Why both a Kasa smart plug and a software SPEED=0 on lock?

The Kasa cut is the fail-safe. Even if the Python script crashed mid-write, killing the 9V outlet at the strip means the motor is electrically dead. Two stop buttons, one in software, one in hardware, both wired to the same screenIsLocked event. I sleep better.

Why poll JSONL files instead of using a Claude usage API or hook?

Polling is dumb and reliable. There’s no API token to manage, no rate limit, no auth flow. The JSONL files are on local disk and append-only; one poll reads the newly-appended bytes from a handful of files in about a millisecond. If Anthropic changes the JSONL schema, I’ll find out fast because the parser will start logging zeroes. Until then it just works.
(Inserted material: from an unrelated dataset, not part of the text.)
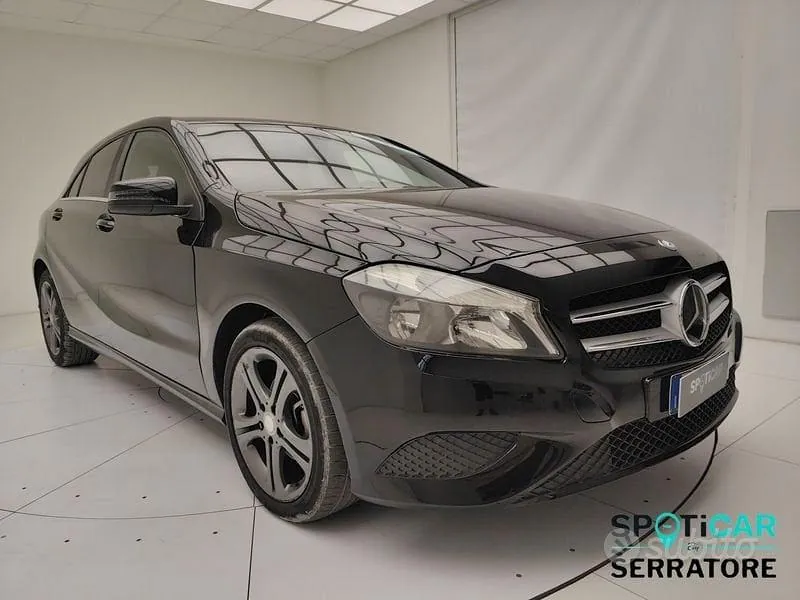 Mercedes-Benz A 2015 photo 3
What would you change if you started over?

The big one is wireless. The Arduino being tethered to the Mac via USB limits where on the desk the rig can sit. An ESP32 (WiFi + Bluetooth built in) would let me put the spinning bit anywhere in WiFi range and have the watcher push commands over MQTT or a small HTTP endpoint. I just don’t have an ESP32 lying around, and a $10 part is the sort of thing that takes me six months to actually order. If you have one in a drawer, this whole post is a half-hour port: same L298N wiring, same serial protocol, just a different listener on the firmware side. A generic ESP32-S3 dev board or a Raspberry Pi Pico W would both work.

Happy spinning! ⚙️


Last updated: May 18, 2026

Footnotes

  1. Pedantic note: the Elegoo board is an Arduino-compatible clone, not made by Arduino AG. The Arduino UNO R3 hardware design is open-source (CC-BY-SA), so plenty of vendors ship pin-for-pin identical boards. I use “Arduino” in this post as common shorthand for the design.